• [EXERCISE DESCRIPTION]: Locate, in the data below, the line that contains "Spring and Summer Pure" and the line that contains "Freud 5/16 In."; reproduce exactly those two lines and every line between them, nothing more.

Saved entries
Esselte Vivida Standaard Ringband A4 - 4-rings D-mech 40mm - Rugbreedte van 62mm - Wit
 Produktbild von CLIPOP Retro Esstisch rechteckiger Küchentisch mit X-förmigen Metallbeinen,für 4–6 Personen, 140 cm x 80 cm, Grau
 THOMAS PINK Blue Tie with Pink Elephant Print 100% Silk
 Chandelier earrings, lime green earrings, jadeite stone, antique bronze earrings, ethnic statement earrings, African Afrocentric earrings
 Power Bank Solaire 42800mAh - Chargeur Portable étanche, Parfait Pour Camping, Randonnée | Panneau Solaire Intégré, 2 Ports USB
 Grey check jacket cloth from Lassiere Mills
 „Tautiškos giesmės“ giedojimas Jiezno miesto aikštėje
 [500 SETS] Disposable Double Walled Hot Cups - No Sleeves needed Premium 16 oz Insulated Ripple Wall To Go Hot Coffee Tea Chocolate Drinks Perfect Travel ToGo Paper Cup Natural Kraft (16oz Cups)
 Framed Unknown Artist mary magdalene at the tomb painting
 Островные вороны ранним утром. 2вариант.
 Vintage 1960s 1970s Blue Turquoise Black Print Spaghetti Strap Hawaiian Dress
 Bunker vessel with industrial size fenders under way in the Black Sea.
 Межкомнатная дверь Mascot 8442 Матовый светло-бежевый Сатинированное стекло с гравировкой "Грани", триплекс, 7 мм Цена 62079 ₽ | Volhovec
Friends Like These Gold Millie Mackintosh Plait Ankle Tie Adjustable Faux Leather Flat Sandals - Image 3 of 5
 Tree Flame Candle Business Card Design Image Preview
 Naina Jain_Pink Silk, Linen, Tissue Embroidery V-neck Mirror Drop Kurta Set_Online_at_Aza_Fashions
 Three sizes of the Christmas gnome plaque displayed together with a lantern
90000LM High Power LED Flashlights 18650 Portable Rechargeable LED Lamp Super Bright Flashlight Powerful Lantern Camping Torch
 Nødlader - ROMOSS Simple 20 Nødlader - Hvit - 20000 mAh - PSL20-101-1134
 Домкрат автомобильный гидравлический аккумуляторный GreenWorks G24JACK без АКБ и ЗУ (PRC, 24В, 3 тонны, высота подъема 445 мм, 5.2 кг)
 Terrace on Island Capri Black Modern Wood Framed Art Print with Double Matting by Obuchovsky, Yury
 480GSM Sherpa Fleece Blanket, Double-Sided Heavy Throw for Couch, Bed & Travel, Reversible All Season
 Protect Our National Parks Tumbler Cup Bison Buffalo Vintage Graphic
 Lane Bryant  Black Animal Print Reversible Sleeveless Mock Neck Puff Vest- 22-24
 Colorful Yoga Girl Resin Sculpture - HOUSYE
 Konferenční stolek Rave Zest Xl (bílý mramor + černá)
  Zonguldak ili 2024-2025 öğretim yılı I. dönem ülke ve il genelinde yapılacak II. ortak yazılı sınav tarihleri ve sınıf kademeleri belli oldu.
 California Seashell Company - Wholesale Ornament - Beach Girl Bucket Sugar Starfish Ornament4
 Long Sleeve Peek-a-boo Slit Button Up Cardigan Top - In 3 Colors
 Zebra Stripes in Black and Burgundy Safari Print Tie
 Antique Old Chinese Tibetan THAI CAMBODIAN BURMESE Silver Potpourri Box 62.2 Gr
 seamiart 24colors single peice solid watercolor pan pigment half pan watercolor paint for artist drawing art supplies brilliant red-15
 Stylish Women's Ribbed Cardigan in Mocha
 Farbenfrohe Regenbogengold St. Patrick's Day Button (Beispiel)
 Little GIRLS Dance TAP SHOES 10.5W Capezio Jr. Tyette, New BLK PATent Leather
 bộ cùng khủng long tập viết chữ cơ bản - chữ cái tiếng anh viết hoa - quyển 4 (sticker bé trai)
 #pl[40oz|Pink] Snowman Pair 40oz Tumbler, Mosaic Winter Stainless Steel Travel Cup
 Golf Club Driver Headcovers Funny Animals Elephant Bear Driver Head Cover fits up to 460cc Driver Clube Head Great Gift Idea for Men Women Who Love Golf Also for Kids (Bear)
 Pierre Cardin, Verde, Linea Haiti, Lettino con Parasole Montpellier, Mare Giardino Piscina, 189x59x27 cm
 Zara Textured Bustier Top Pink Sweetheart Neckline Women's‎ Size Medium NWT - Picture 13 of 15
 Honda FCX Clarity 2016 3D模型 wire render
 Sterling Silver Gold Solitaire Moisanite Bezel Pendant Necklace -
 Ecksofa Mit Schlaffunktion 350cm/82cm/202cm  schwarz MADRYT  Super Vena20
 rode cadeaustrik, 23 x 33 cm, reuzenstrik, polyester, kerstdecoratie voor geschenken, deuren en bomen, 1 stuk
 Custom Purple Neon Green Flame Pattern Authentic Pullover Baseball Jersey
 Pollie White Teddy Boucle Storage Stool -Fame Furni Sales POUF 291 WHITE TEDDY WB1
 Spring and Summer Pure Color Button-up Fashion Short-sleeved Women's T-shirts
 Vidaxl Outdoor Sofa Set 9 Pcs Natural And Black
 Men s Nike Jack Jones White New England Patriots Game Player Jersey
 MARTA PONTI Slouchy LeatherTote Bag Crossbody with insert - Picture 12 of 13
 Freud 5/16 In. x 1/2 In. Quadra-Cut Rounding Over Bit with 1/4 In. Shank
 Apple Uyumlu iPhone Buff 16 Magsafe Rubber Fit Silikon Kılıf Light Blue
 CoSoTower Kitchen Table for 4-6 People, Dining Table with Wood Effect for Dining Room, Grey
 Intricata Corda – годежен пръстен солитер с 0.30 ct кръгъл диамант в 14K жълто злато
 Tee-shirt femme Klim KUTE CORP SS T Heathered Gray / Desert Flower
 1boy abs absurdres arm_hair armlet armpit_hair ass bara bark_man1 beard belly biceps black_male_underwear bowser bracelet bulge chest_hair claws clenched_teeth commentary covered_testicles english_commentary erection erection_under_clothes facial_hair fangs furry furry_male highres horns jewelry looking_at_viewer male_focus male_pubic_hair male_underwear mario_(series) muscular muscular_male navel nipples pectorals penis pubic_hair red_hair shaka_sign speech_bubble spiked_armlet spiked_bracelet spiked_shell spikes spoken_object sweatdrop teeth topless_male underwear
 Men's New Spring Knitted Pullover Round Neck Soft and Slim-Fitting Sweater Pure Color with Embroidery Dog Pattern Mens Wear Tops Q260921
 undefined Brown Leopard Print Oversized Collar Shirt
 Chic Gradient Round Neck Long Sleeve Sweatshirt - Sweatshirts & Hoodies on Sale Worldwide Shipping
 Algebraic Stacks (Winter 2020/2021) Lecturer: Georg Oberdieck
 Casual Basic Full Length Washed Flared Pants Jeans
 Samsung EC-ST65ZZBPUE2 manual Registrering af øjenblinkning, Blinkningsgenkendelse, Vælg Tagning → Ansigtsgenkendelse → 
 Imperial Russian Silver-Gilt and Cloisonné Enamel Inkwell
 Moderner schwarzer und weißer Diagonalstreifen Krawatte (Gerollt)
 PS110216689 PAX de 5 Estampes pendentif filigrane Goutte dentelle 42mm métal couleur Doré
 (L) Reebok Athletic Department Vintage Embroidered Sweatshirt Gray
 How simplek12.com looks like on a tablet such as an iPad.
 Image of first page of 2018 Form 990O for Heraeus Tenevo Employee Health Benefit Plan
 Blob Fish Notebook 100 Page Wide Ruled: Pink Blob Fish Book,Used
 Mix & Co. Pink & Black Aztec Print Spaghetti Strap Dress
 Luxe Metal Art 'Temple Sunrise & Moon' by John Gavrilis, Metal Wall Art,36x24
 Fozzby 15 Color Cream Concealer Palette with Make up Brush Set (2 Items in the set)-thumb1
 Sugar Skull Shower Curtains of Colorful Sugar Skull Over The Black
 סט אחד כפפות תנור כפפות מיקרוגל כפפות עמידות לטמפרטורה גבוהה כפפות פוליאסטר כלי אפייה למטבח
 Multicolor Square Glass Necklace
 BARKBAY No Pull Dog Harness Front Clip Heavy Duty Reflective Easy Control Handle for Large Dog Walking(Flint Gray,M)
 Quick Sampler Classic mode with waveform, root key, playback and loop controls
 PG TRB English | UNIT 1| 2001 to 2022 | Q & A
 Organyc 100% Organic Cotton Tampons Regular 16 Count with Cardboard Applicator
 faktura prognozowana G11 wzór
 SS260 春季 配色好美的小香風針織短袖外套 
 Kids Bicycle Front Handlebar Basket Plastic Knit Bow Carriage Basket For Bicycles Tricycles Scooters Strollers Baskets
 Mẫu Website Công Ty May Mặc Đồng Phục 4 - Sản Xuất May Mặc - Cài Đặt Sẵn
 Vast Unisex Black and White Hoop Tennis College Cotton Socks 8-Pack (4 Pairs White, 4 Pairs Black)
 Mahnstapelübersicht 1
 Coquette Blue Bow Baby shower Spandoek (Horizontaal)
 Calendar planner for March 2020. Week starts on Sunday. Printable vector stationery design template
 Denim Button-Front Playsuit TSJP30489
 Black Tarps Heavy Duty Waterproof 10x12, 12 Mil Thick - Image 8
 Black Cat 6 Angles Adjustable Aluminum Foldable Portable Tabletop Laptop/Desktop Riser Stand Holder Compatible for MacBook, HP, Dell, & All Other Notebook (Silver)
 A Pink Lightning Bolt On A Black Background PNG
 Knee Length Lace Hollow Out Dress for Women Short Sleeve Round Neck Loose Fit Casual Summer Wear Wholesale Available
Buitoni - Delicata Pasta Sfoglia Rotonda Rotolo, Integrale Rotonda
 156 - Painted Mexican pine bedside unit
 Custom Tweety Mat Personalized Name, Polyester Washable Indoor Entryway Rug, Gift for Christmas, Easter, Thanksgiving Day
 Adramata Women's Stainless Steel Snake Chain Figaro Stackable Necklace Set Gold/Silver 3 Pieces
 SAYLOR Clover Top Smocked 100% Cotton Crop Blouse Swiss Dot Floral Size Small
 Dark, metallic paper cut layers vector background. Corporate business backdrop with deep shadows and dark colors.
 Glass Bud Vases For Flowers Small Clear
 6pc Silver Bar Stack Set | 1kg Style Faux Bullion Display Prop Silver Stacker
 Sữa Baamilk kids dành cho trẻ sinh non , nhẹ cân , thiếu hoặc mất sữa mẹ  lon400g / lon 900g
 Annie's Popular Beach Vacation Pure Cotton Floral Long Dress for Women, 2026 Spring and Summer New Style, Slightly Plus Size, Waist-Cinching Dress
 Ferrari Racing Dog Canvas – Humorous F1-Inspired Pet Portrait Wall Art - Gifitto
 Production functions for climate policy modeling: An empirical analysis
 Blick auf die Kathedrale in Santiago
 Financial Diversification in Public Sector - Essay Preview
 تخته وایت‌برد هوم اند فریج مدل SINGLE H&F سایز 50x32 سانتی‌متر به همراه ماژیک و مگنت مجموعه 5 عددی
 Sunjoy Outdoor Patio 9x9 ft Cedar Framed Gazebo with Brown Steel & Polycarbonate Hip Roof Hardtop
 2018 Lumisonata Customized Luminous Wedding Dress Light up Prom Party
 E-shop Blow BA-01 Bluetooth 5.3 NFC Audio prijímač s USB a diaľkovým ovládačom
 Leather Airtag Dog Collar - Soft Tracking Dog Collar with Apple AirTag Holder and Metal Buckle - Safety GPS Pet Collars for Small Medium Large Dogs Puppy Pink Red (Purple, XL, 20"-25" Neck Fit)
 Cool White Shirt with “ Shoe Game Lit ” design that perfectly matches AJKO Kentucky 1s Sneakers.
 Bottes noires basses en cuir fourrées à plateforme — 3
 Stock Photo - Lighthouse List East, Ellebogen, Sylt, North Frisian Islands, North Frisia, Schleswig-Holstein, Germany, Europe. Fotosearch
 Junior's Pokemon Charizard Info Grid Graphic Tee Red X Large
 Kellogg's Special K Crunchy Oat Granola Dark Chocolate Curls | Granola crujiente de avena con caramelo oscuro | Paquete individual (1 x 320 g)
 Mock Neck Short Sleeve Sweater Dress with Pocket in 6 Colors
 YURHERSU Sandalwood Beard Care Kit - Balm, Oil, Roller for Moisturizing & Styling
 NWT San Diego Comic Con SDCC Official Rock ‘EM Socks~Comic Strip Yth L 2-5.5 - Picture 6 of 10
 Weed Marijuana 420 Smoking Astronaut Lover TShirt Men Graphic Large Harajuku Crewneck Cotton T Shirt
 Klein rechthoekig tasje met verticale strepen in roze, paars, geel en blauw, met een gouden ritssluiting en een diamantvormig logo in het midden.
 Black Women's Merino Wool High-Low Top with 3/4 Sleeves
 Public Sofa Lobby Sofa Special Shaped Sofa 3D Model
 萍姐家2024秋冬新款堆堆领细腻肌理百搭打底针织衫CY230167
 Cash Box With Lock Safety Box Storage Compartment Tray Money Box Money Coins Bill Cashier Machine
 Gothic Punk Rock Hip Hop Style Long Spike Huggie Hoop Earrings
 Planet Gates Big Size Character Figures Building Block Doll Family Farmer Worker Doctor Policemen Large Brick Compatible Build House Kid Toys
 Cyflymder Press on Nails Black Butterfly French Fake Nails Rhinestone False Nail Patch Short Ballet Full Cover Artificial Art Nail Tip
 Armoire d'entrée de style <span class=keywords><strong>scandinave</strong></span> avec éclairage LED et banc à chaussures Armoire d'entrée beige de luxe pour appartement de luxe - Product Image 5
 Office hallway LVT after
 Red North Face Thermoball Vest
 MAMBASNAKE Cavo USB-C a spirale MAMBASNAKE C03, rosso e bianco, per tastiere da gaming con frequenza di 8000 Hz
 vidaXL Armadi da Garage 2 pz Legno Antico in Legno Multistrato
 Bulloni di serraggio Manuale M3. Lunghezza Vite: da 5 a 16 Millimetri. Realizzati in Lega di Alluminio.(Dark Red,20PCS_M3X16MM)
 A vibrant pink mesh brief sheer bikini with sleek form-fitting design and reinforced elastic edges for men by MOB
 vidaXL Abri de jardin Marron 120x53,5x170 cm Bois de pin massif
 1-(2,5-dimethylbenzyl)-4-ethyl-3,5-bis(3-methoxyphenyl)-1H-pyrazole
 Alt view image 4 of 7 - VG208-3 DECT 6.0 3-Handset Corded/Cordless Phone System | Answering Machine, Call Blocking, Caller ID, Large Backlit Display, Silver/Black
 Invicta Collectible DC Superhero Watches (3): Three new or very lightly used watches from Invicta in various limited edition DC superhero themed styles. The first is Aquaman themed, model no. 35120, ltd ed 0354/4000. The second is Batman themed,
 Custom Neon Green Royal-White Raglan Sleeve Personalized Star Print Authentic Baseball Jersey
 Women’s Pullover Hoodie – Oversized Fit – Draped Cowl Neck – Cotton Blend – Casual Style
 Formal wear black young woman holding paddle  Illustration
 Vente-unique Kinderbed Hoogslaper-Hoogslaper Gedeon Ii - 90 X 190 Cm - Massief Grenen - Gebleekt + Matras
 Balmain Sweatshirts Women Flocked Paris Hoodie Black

• [THE ANSWER]:
 Spring and Summer Pure Color Button-up Fashion Short-sleeved Women's T-shirts
 Vidaxl Outdoor Sofa Set 9 Pcs Natural And Black
 Men s Nike Jack Jones White New England Patriots Game Player Jersey
 MARTA PONTI Slouchy LeatherTote Bag Crossbody with insert - Picture 12 of 13
 Freud 5/16 In. x 1/2 In. Quadra-Cut Rounding Over Bit with 1/4 In. Shank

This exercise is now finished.